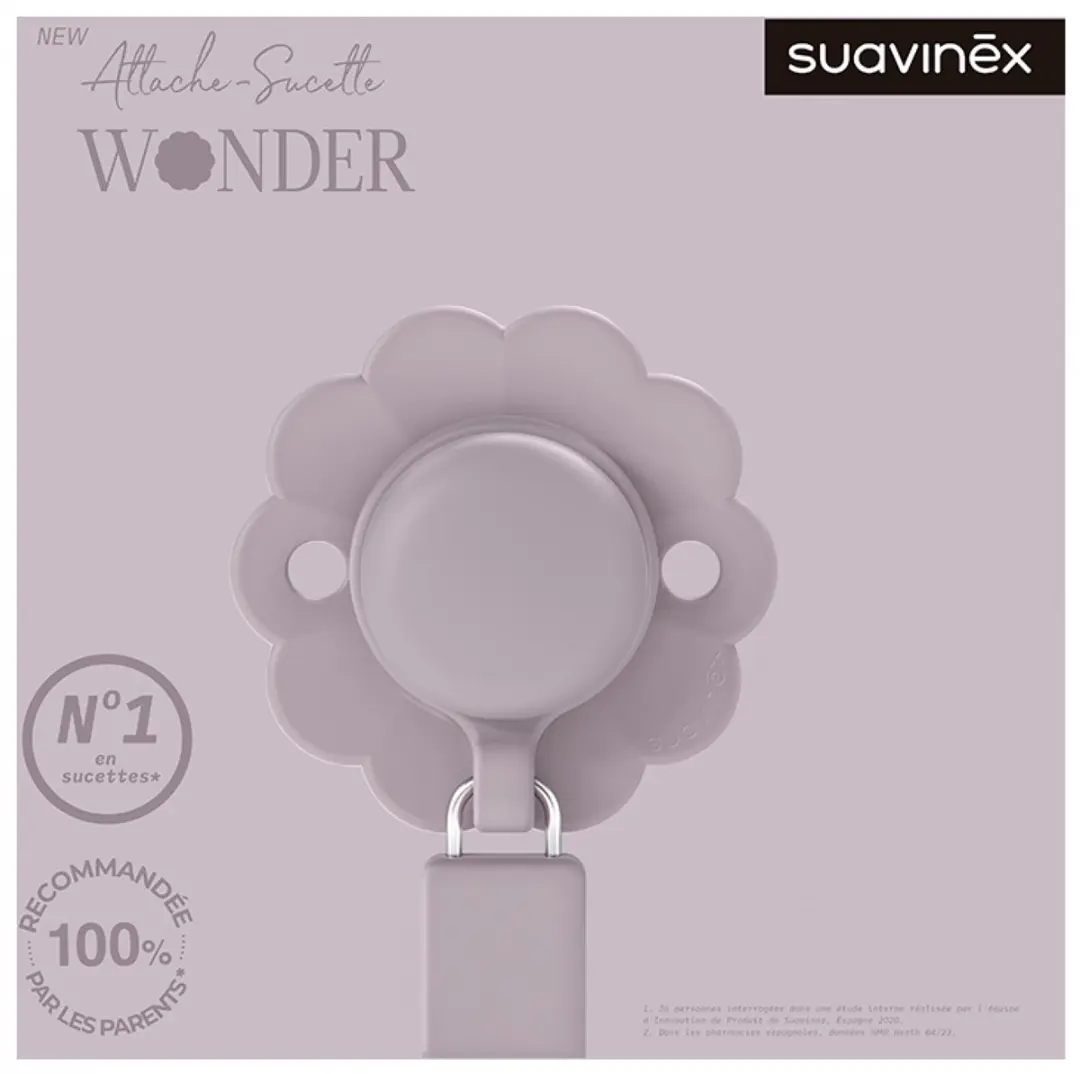 Suavinex Wonder Fopspeenkoord - Mist Lavender - afbeelding 6 van 6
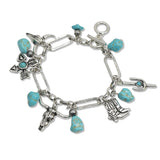 108136, WESTERN STEER HEAD BOOTS CACTUS TURQUOISE CHARM BRACELET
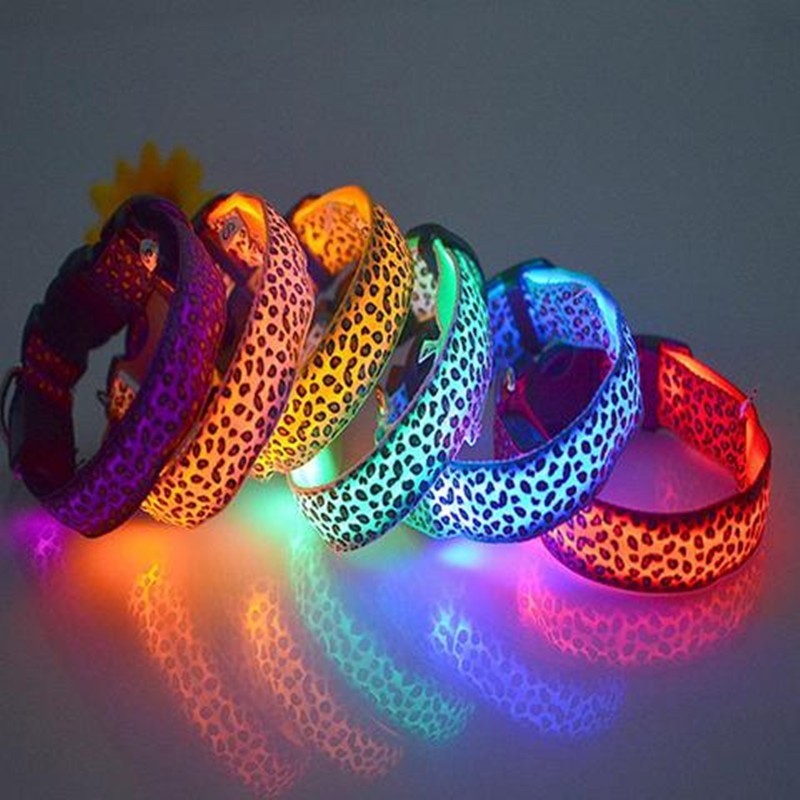 Adjustable Nylon Leopard Pet LED Collar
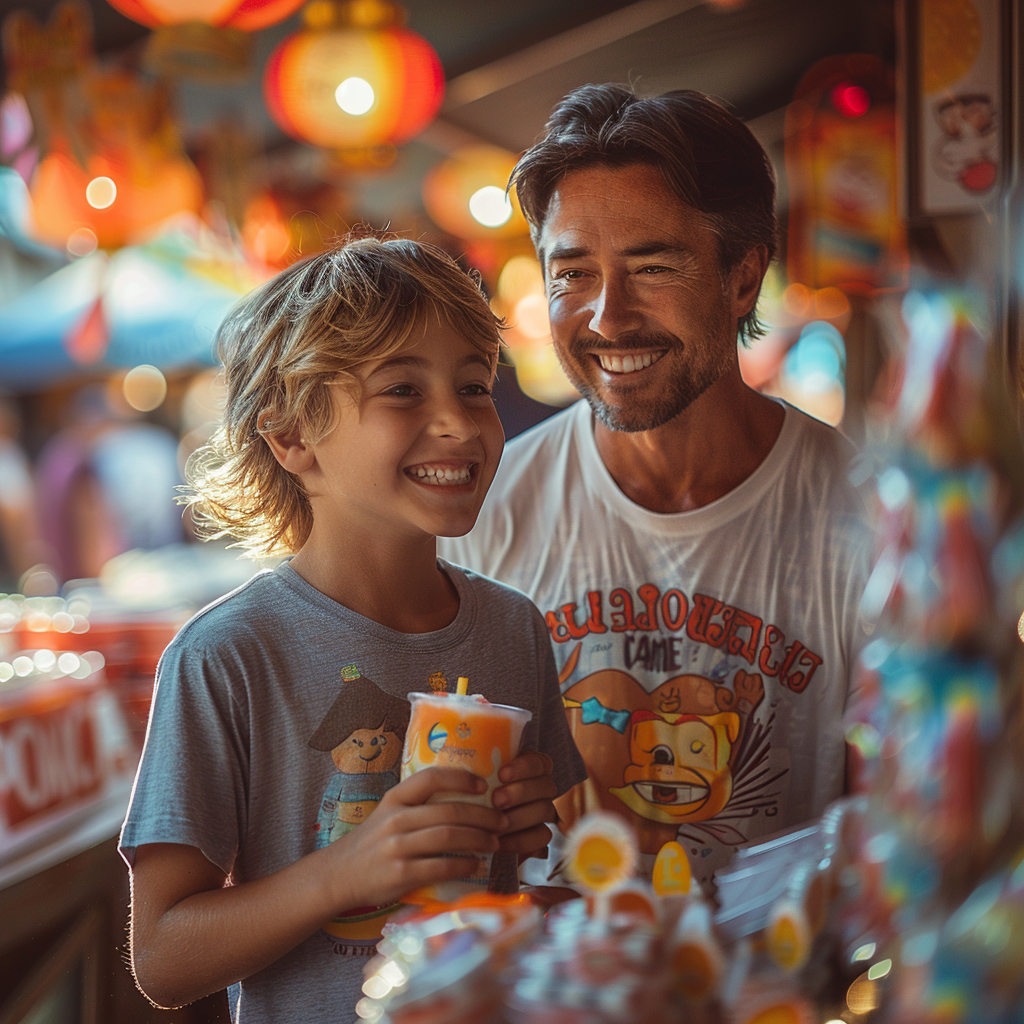 Un hombre y un niño sonriendo | Fuente: Midjourney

> [Directions]
Your copy should hold all the data word for word. It should hold no pictures.

> [Solution]
 Suavinex Wonder Fopspeenkoord - Mist Lavender - afbeelding 6 van 6
 108136, WESTERN STEER HEAD BOOTS CACTUS TURQUOISE CHARM BRACELET
 Adjustable Nylon Leopard Pet LED Collar
 Un hombre y un niño sonriendo | Fuente: Midjourney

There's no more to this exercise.